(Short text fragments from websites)
*** Begin section ***

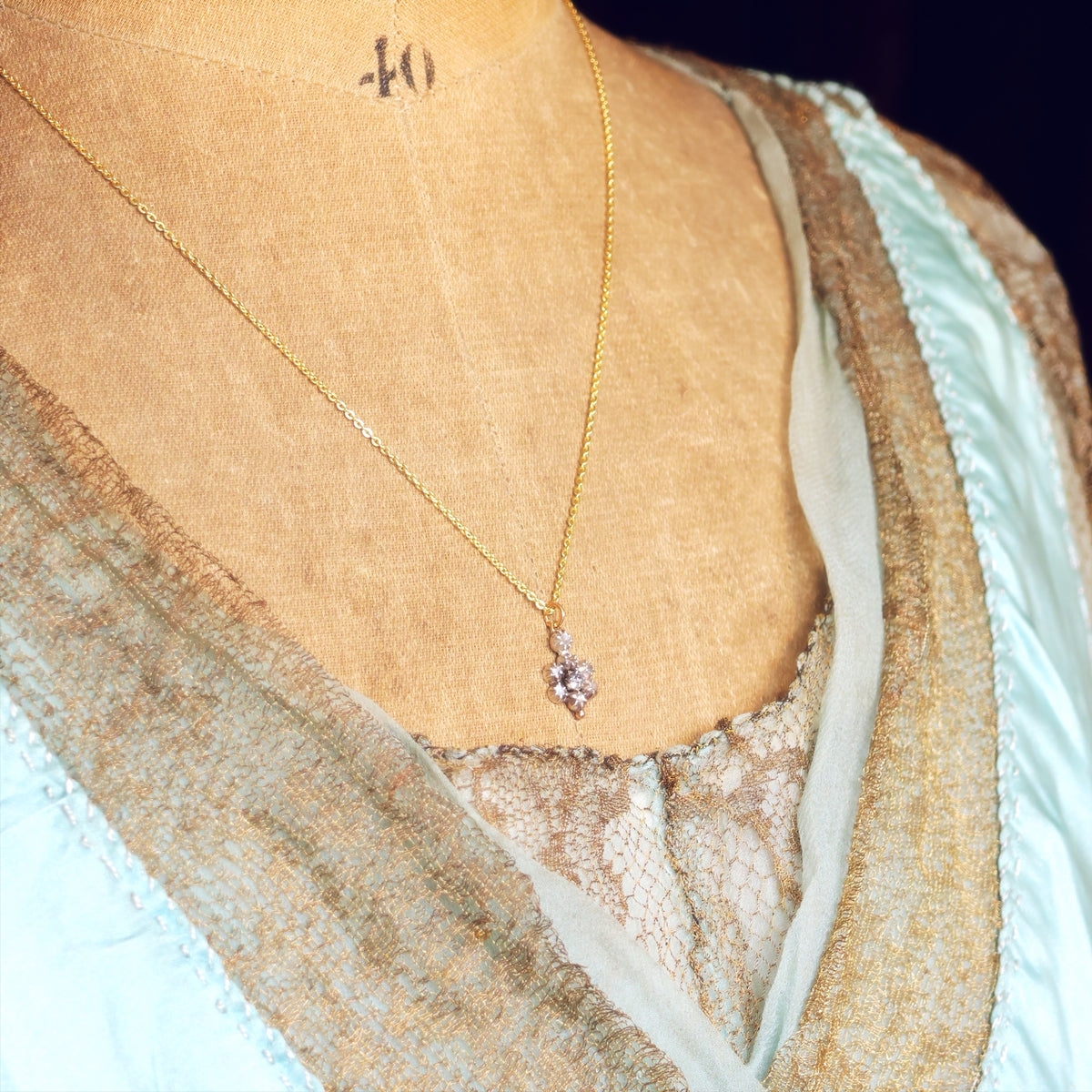 Cute Antique Naife Cut Diamond Pendant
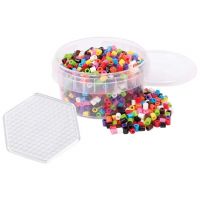 PlayBox: 1000 de mărgele colorate MIDI de 5 mm cu placă de bază hexagonală termoadezivă - 1/2/120ac67914dff345e48c1ca78d60c38e20ff4e535c948b30fb9f0d9b4a0dab8a.jpg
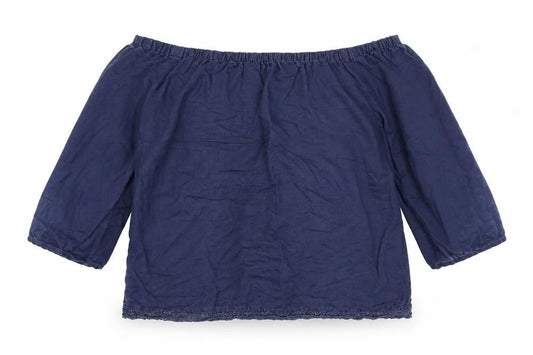 Womens UK Size 8 Marks and Spencer Blue Camisole Blouse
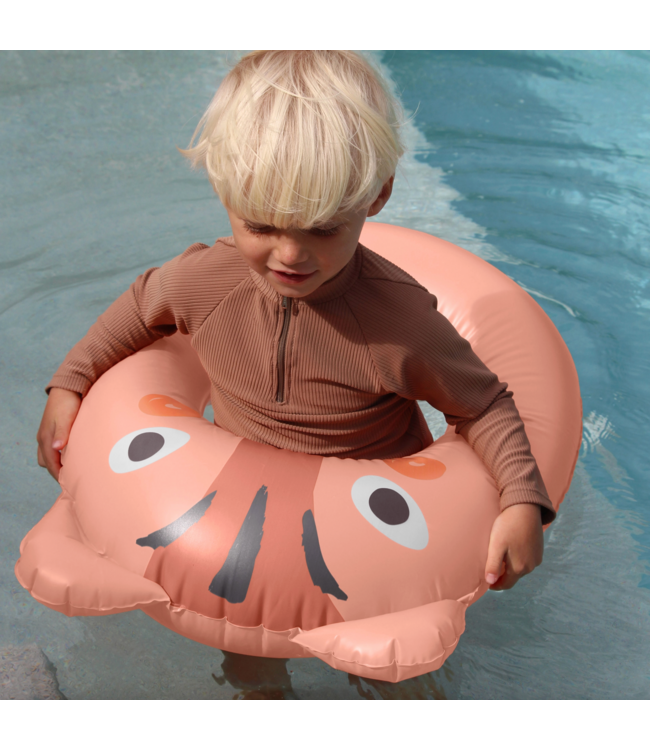 Sunnylife Kids Tube Pool Ring - Tino the Tiger Clay
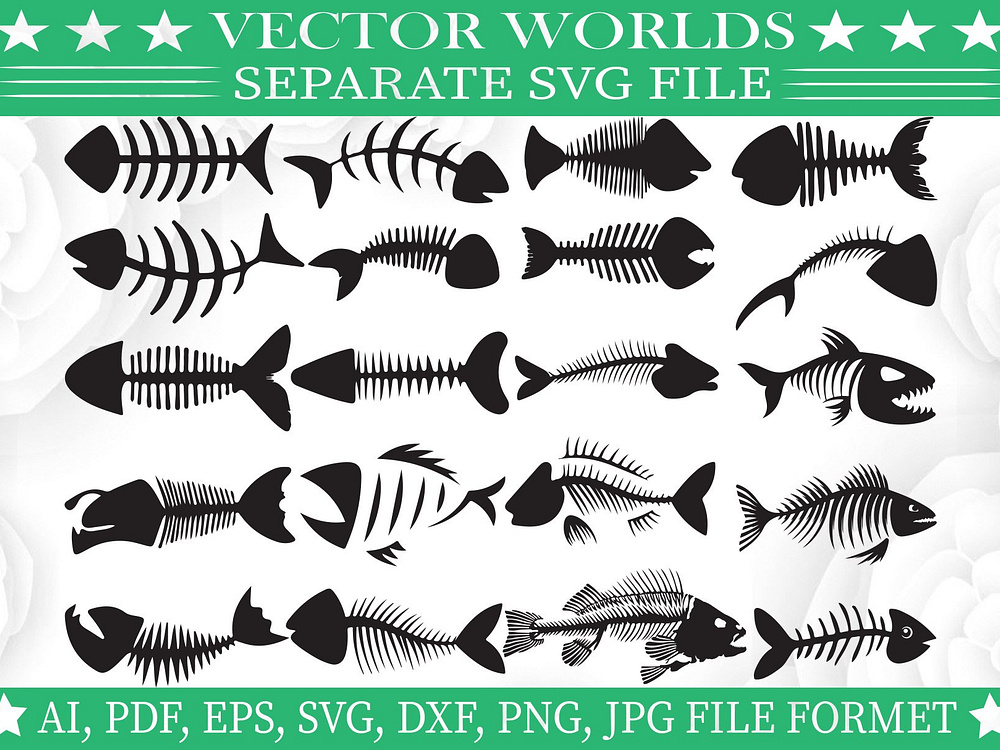 Skeleton Fish Svg, Skeleton,Fish Svg by SetaraAsma on Dribbble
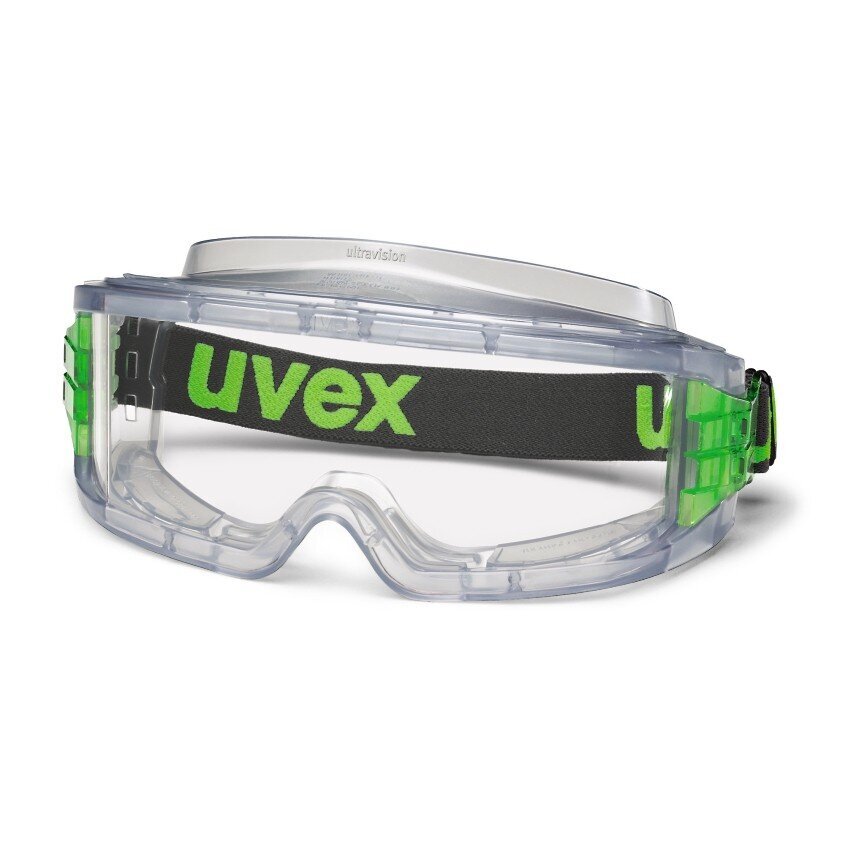 Slēgtā tipa aizsargbrilles UVEX Ultravision, gaišā lēca, Supravision Excellence HC/AF pārklājums, triecienizturīgas cena un informācija | Galvas aizsargi | 220.lv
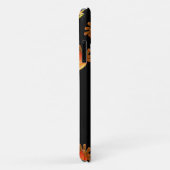 Brennholzmuster auf schwarz Case-Mate iPhone hülle (Hinten/Rechts)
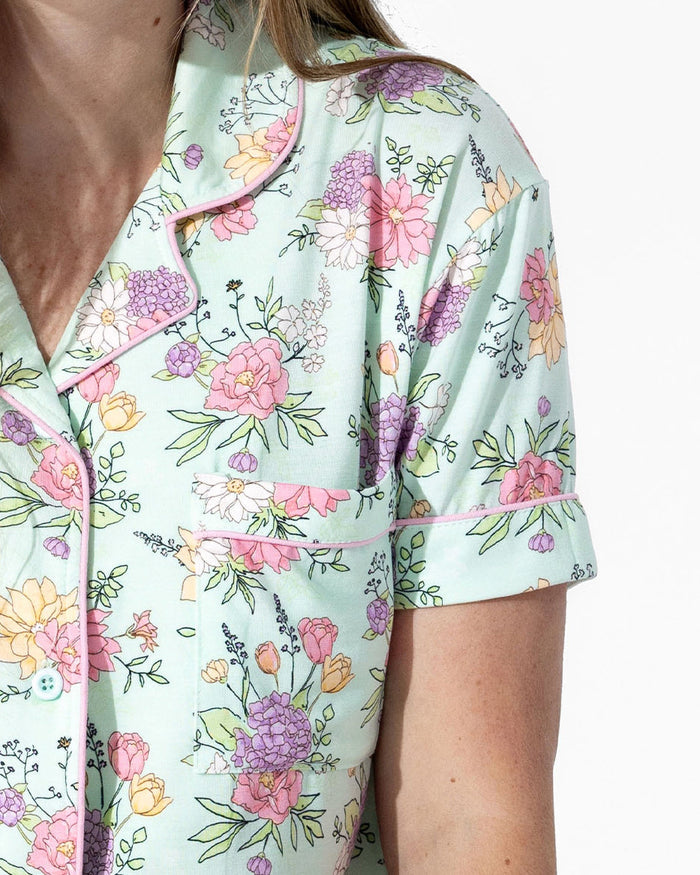 Petals & Posies Bamboo Women's Pajama Short Set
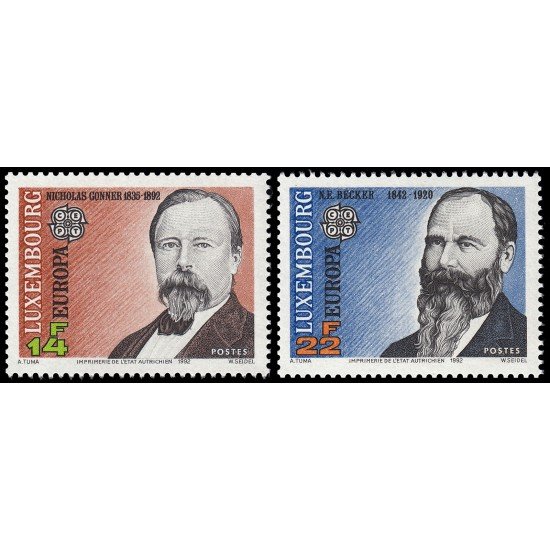Luxemburgo 1243/44 1992 500 Aniv. descubrimiento de América MNH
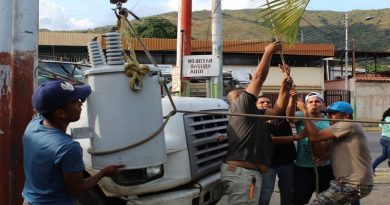 Gobierno Bolivariano restableció servicio eléctrico en municipio Ribas en Aragua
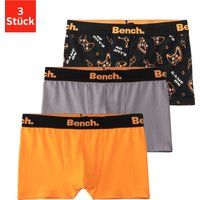 Bench. Boxer, (Packung, 3 St.), uni und gemustert in einer Packung von Bench.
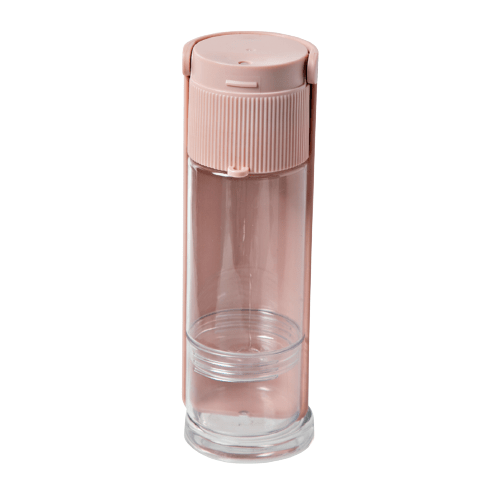 12x Ribbed Portable Pet Bottle in White - Image 2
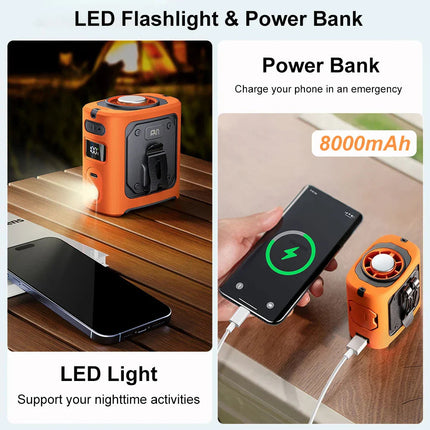 Comfort Breeze | Portable Waist Fan with 8000mAh Battery & 100 Speed Settings | Versatile Design for Ultimate Cooling 2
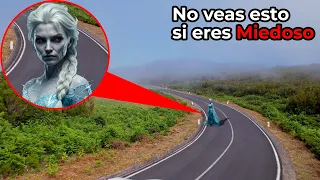 Un DRONE Captó a ELSA de FROZEN en la Vida Real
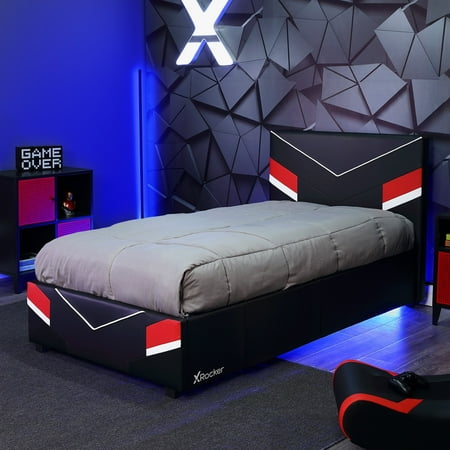 X Rocker - Orion eSports Twin Gaming Bed Frame - Black/Red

*** End section ***

-- Required action --
The records above, minus their pictures, are to be returned word for word.

-- Your solution --
 Cute Antique Naife Cut Diamond Pendant
 PlayBox: 1000 de mărgele colorate MIDI de 5 mm cu placă de bază hexagonală termoadezivă - 1/2/120ac67914dff345e48c1ca78d60c38e20ff4e535c948b30fb9f0d9b4a0dab8a.jpg
 Womens UK Size 8 Marks and Spencer Blue Camisole Blouse
 Sunnylife Kids Tube Pool Ring - Tino the Tiger Clay
 Skeleton Fish Svg, Skeleton,Fish Svg by SetaraAsma on Dribbble
 Slēgtā tipa aizsargbrilles UVEX Ultravision, gaišā lēca, Supravision Excellence HC/AF pārklājums, triecienizturīgas cena un informācija | Galvas aizsargi | 220.lv
 Brennholzmuster auf schwarz Case-Mate iPhone hülle (Hinten/Rechts)
 Petals & Posies Bamboo Women's Pajama Short Set
Luxemburgo 1243/44 1992 500 Aniv. descubrimiento de América MNH
 Gobierno Bolivariano restableció servicio eléctrico en municipio Ribas en Aragua
 Bench. Boxer, (Packung, 3 St.), uni und gemustert in einer Packung von Bench.
 12x Ribbed Portable Pet Bottle in White - Image 2
 Comfort Breeze | Portable Waist Fan with 8000mAh Battery & 100 Speed Settings | Versatile Design for Ultimate Cooling 2
 Un DRONE Captó a ELSA de FROZEN en la Vida Real
 X Rocker - Orion eSports Twin Gaming Bed Frame - Black/Red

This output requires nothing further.